En mütevâzı hesaplamayla bile 2.500 yıllık târîhi olan Türk milletinin, başkaları tarafından da tesbît ve ifâde edilmiş meziyetleri arasında sâdelik ve vakar liste başını tutar. Lüzûmsuz tefâhürü hayâtından silen bu asîl milleti, zaman zaman kolay lokma zannedip de yurduna çullanmak isteyenler, dizi dizi hüsrân defterleri yazdılar.
Bugünlerde, yine böyle densizlik plânları yapılmaya, tezgâhlar kurulmaya çalışılıyor. Milletlerarası bir şer ittifâkı, Târîhin Kızı’nın şu ânki kırpılmış büyüklüğünden de rahatsızlık duyuyor, yaldızlı birtakım lâf kalabalıklarıyla yeni Sevr müsveddeleri hazırlıyor. Bütün bu Türk’e mezar kazma işgüzârlığına, seçim, referandum, demokrasi, insan hakları vs. tarzında cilâlı kılıflar biçiliyor, gözler alabildiğine ustalıkla boyanıyor.
Hayretlere vesîle bir çaba da, vatanımızı ve milletimizi kadük etme gayretlerine, Osmanlı’dan emsâl gösterme dalâletidir. Ortada, doğru ve sıhhatli bilgi kıtlığından kaynaklanan bir cehâlet olsa, sâdece esef eder geçersiniz. Fakat görünen manzara cehâlete rahmet okutacak seviyede ihânet ve kasıt karartmalarıyla dolu.

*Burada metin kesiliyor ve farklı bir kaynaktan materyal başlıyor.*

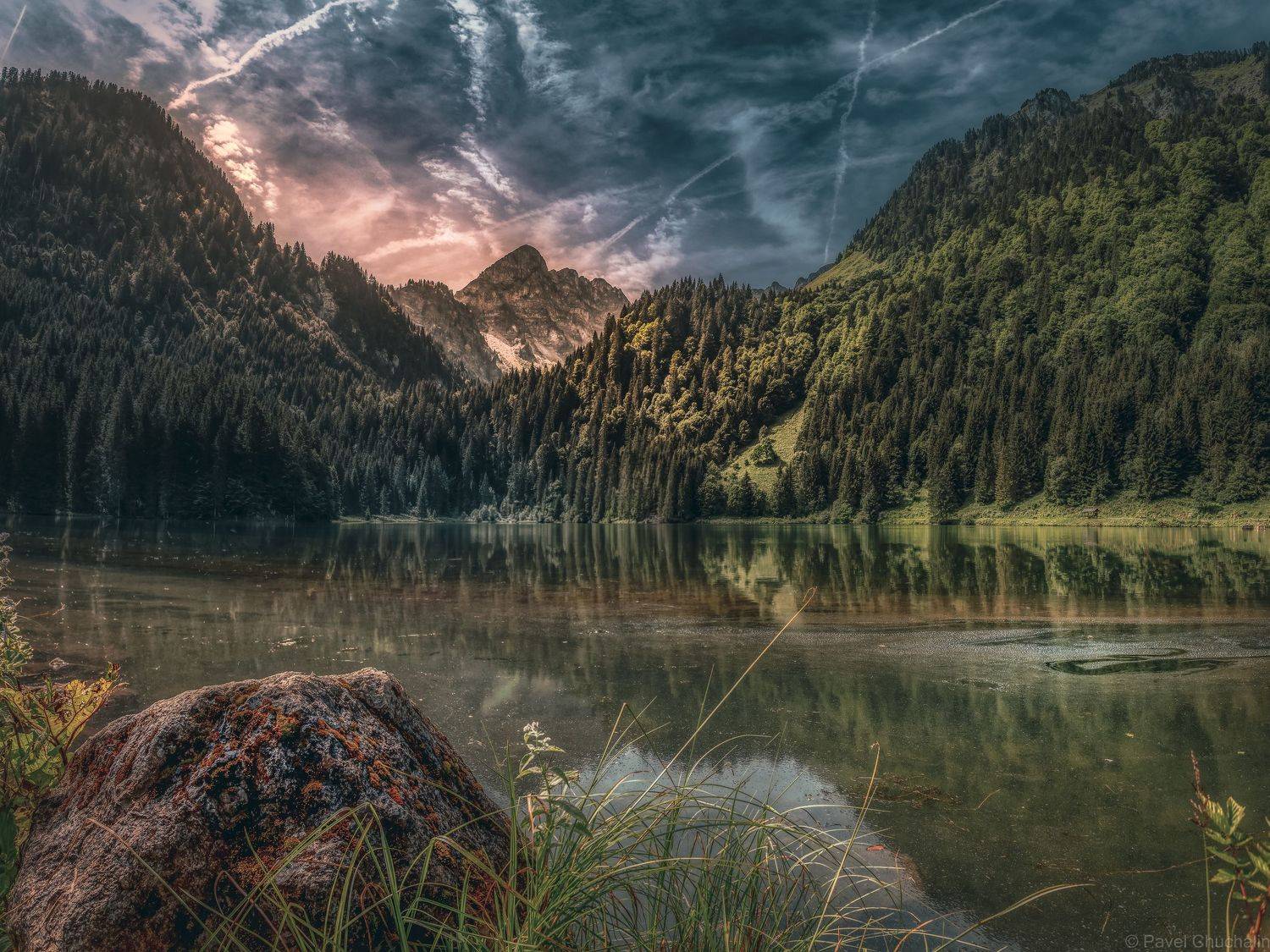 Пейзаж, горы, озеро, Pavel Chuchalin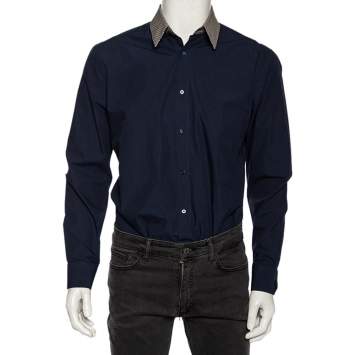 Pre Owned Fendi Navy Blue Cotton Zucca Monogram Collar Detail Shirt XL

Târîhinde def’alarca millî mücâdeleye girişmiş ve bunların ezici çoğunluğunda muvaffak olmuş bir millete, yeniden bu yolda dâvetiye çıkartmak, aslâ tehdîdden sayılmaz.
Bir kere, şunu bilen-bilmeyen herkese haykırmak lâzım ki, Osmanlı Cihân Devleti’nin, tereddî ve yıkılış sebepleri sayılırken pek kaale alınmayan dışarıdan mürekkepli ıslâhât hareketlerinin, sanıldığından çok daha fazla tahrîb gücü olmuştur. 18. asrın ilk yarısında başlayan ve Tanzîmât’la iyice geri dönülmez noktalara taşınan bu ıslâhât programları, İngiltere, Almanya, Fransa ile Rusya’nın dayatmalarıydı. Islâhât adımlarının her biri, Osmanlı’dan birkaç devletlik toprak kopardı ve bugünkü Balkan, Ortadoğu ve Kafkasya fotoğraflarına ulaşıldı.
Tarafsız, akademik bir bakış açısıyla, hiçbir milletin demokratik haklarının, vatanından daha kıymetli olduğu söylenemez. Zîrâ bahsedilen hakların yaşanıp kullanılabileceği yegâne mekân, vatandır. Vatan üstünde tehlike bulutları dolaşırken, demokrasi havâriliğine soyunmanın te’vil götürür bir yanı gösterilemez.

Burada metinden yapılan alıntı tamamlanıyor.